Фраза стала девизом русского самодержавия, только теперь воскресавшего после вековой эпохи диктатуры дворянства.
Аракчеев, вышедший из крестьянской семьи, разоренной провинциальными князьками, был возведен в чин военного коменданта Санкт-Петербурга. Он был очень доволен своим августейшим хозяином. Он тщательно расследовал каждую несправедливость, допущенную во времена Екатерины, и исправлял ее, следуя царскому указу.
Павел понимал, что восстановление попранной справедливости дешево ему не обойдется и от бывшей гвардии нужно обороняться гвардией новой, своей, гатчинцами. Страх погибнуть от шпаги, от яда, от измены был постоянной составляющей его бытия. И тем более делает ему честь, что он не пошел на поводу у своего страха. Князь Чарторыйский, свидетель восшествия Павла I на трон, утверждает, что топот сапог и бряцание оружия заставили забыть обо всей предшествующей роскоши. Костюмы, выражение лиц, походка присутствующих и их род занятий разительным образом отличались от обстановки предыдущего правления: дворец стал похож на гвардейский корпус.
«Тотчас [по воцарении Павла] во дворце приняло все другой вид, – вспоминал и Г.Р. Державин, – загремели шпоры, ботфорты, тесаки, и, будто по завоеванию города, ворвались в покои везде военные люди с великим шумом».
Павел восстановил в 1799 году «кавалергардский корпус», расформированный им двумя годами ранее, со значением личной гвардии императора как великого магистра ордена св. Иоанна Иерусалимского. Все 189 служивших в нем дворян имели знак мальтийского креста.

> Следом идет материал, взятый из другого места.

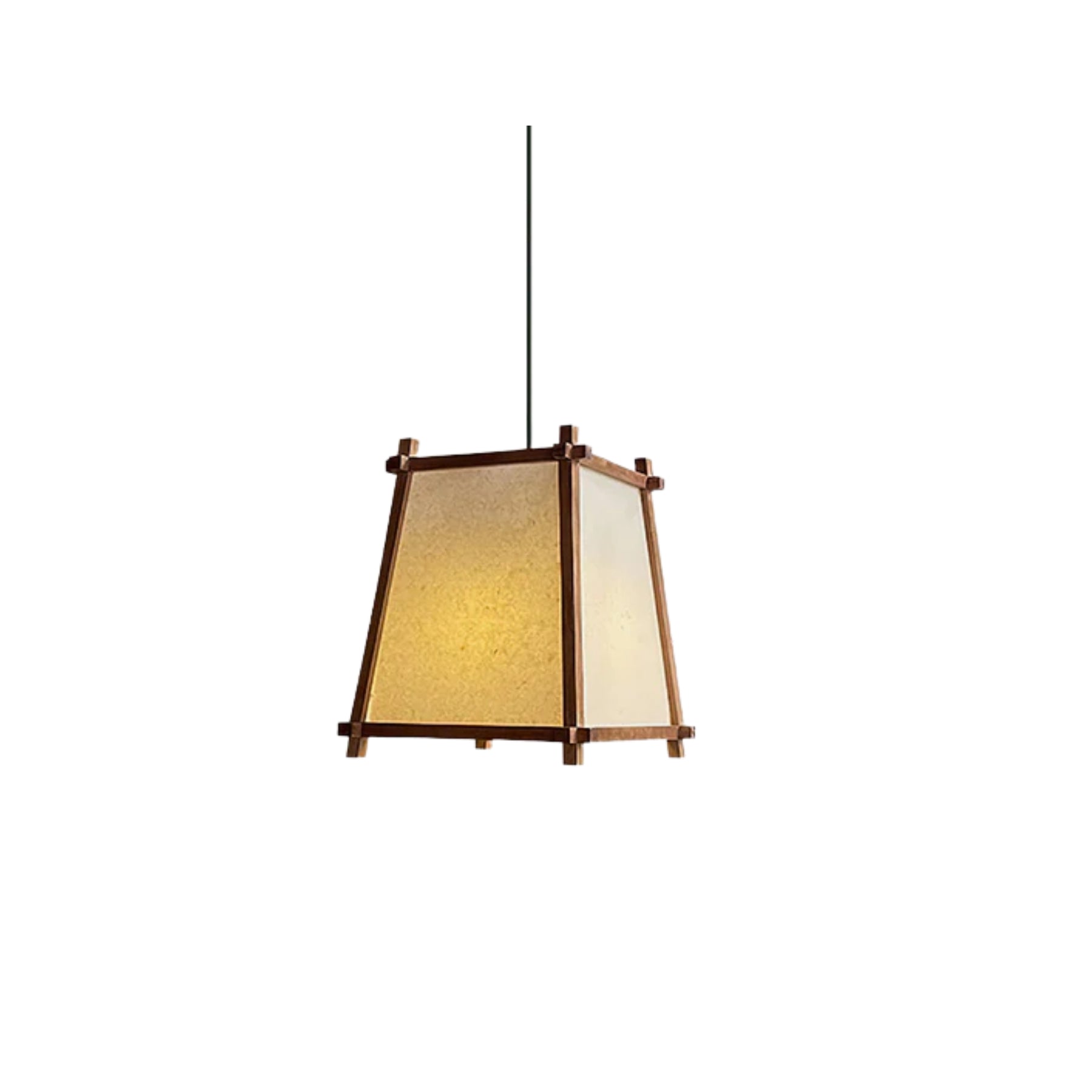 Kizuka Hanglamp
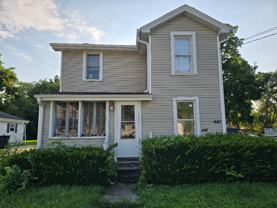441 N Pearl St - Photo 1 of 1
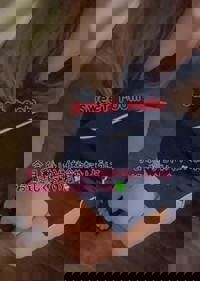 スウィートルーム 宮崎市メンズエステ(非風俗) みと 写メ日記「寒い」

Граф Брель, посол Пруссии, писал:
«Император, желая исправить недостатки предыдущего правительства, все разрушает, вводит новый режим, который не нравится нации и который совсем не продуман... Недовольство дворян настолько велико, что не выразить словами. Неуверенность в будущем, боязнь потерять свою должность и страх перед постоянными нововведениями приводят его в отчаяние... Один Господь знает, чем все это закончится!»
Говорили, что император весьма придирчив на парадах. Да, он придирался, осматривая полки гвардейцев, придирался, оценивая: раскассировать или нет? Его взгляд, направленный на этих людей, не упускал ни одной детали. То он казался восхищенным, то на его лице удовольствие сменялось гневом и он надувал свои худые щеки. Он делал нетерпеливые движения, пожимал плечами или топал ногами, чтобы выразить гнев.
Санглен:
«Павел хотел сильнее укрепить самодержавие, но поступками своими подкапывал под оное. Отправляя, в первом гневе, в одной и той же кибитке генерала, купца, унтер-офицера и фельдъегеря, научил нас и народ, слишком рано, что различие сословий ничтожно. ... без этого различия самодержавие удержаться не может...»
Он видел еще одну лазейку для гвардейцев: возможность сажать на трон «своих» императоров давала им неопределенность правил передачи престола, учрежденная Петром I. И он издал указ, по которому корона может переходить только по прямой линии, к наследникам, прежде всего мужского пола. Будь этот указ прежде, – может, и не случилось бы «дворцовых переворотов», потрясающих страну с начала века?
КАЗНА
Бери, большой тут нет науки;
Бери, что только можно взять.
На что ж привешены нам руки,
как не на то, чтоб брать?
Капнист. ЯбедаВ это бедственное для русского дворянства время бесправное большинство народа на всем пространстве империи оставалось равнодушным к тому, что происходило в Петербурге – до него не касались жестокие меры, угрожавшие дворянству. Простой народ даже любил Павла...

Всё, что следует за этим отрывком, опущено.